» Problem statement
Word for word, set down the lines from the one that contains "طلاق در ایران" through the final line of the data; no pictures belong in the copy.

» Data provided
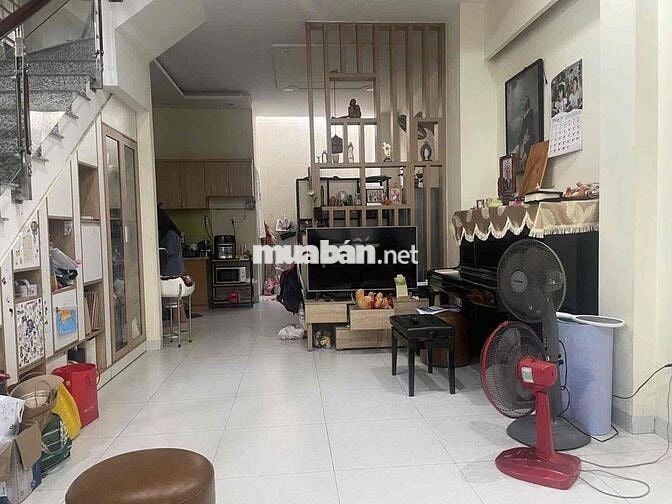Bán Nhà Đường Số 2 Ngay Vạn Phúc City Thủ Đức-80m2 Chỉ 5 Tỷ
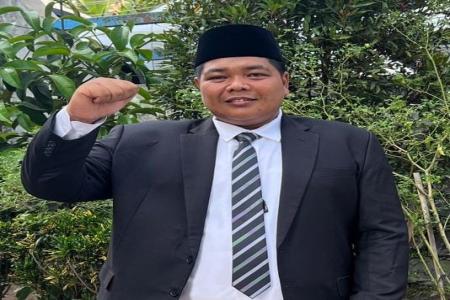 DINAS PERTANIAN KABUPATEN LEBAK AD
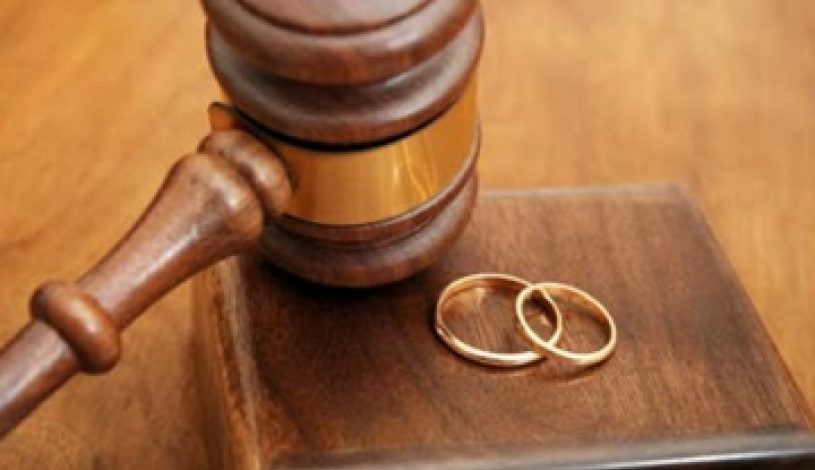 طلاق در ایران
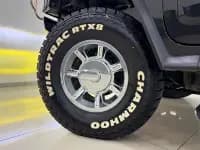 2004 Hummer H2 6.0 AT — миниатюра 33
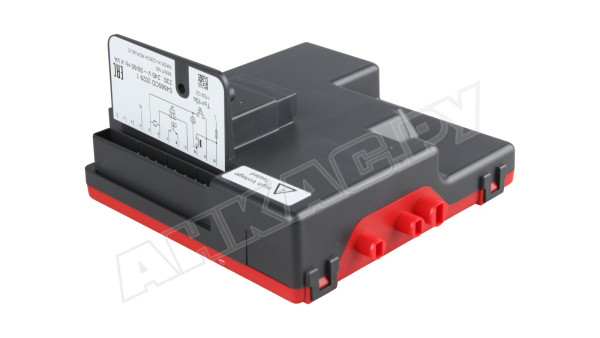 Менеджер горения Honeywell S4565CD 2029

» Response to this task
 طلاق در ایران
 2004 Hummer H2 6.0 AT — миниатюра 33
 Менеджер горения Honeywell S4565CD 2029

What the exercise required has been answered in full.